Bref, il n’y avait pas de raison à ce que nous vivions. Le poème de John Ashbery s’appelait « Vague » dans la nouvelle traduction que nous avions entre les mains. C’était un ordre aussi bien, un conseil d’ami : vague, va au hasard, cède à cette extravagance qui s’ouvre à toi, prend le chemin du rêve et du hasard, accepte de ne plus savoir où tu vas, l’amour que tu auras reçu est comme la vie, il n’a nulle raison d’être, il n’y a nulle raison d’être. L’inattendu seul est à comprendre, l’insoupçonné. Rien de ce que tu croyais savoir ne t’aidera à saisir un sens à ce qui vient d’arriver. Dans la tempête si sombre où tu es pris, les fusées éclairantes ne sont pas celles que tu attendais. Vois comme elles déchirent le ciel. Vois comme tout est ébloui et comme tout arrive dans cet éclat.

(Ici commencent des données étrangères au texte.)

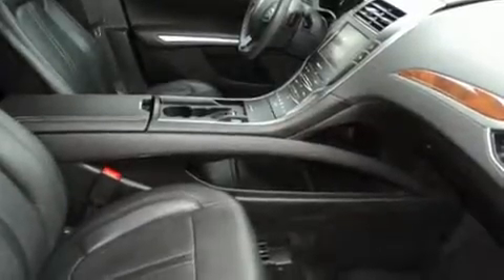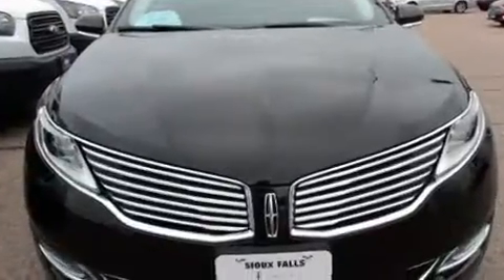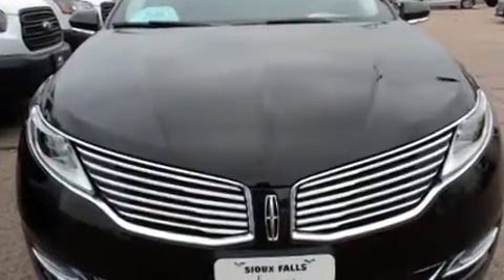A trip computer, heated seats, fully automatic headlights, and power seats are also included. Lincoln prioritized safety and security by including dual front impact airbags with occupant sensing, airbag traction control, a security system, and four-wheel disc brakes with ABS.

Lis ce poème, me disais-je, comme on cherche à déchiffrer le sens d’une tempête. Établis des conjectures à partir de cette obscurité qui poursuit sa route vers nulle part. Et puis je lisais les autres poèmes d’Ashbery, dont on avait attendu si longtemps la traduction, il y avait au moins cette bonne nouvelle, je tenais Vague et Le Serment du Jeu de Paume entre les mains. Je ne pouvais pas m’empêcher de penser qu’il y avait malgré tout encore une sorte d’espoir à tenter de lire cela. Je n’aurais pas su en dire plus. À la page 43 du Serment, je soulignais ce vers : « Nous fuyons / En dévalant l’échelle de nuages, mais le problème n’est pas résolu.  » À la page 44 : « Sa main ne menant nulle part.  » À la page 48 : « Les foules repartaient, tristes.  » Puis je ne soulignais plus rien. Xavier Person

JOHN ASHBERY LE SERMENT DU JEU DE PAUME
Traduit de l’américain par Olivier Brossard, José Corti, 146 pages, 18
VAGUE Traduit par Marc Chénetier, Joca Seria, 138 pages, 21

Les foules repartaient, tristes Par Xavier Person
Le Matricule des Anges n°169 , janvier 2016.